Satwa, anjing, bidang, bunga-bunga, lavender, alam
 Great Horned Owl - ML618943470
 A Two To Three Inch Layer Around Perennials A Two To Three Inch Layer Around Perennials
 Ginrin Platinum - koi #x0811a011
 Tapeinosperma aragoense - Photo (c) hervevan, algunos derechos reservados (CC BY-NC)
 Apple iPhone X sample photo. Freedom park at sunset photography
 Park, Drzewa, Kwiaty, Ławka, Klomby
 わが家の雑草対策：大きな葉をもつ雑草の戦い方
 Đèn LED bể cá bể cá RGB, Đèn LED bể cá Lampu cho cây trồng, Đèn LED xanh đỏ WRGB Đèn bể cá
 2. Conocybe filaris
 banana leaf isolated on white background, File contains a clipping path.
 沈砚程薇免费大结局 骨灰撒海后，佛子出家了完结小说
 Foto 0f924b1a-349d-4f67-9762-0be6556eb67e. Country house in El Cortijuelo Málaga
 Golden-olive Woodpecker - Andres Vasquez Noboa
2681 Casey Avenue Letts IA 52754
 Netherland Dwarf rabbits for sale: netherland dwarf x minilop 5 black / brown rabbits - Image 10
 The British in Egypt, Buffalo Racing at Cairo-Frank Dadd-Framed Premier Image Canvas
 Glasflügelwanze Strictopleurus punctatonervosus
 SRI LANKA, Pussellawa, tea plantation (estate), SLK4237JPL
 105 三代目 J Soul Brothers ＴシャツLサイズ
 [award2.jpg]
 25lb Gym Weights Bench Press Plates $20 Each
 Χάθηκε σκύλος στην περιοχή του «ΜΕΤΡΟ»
-.-.-
Your output must contain exactly the lines from the one containing "Golden-olive Woodpecker - Andres" to the final line of the data above, and no other text.

(Result for this exercise):
 Golden-olive Woodpecker - Andres Vasquez Noboa
2681 Casey Avenue Letts IA 52754
 Netherland Dwarf rabbits for sale: netherland dwarf x minilop 5 black / brown rabbits - Image 10
 The British in Egypt, Buffalo Racing at Cairo-Frank Dadd-Framed Premier Image Canvas
 Glasflügelwanze Strictopleurus punctatonervosus
 SRI LANKA, Pussellawa, tea plantation (estate), SLK4237JPL
 105 三代目 J Soul Brothers ＴシャツLサイズ
 [award2.jpg]
 25lb Gym Weights Bench Press Plates $20 Each
 Χάθηκε σκύλος στην περιοχή του «ΜΕΤΡΟ»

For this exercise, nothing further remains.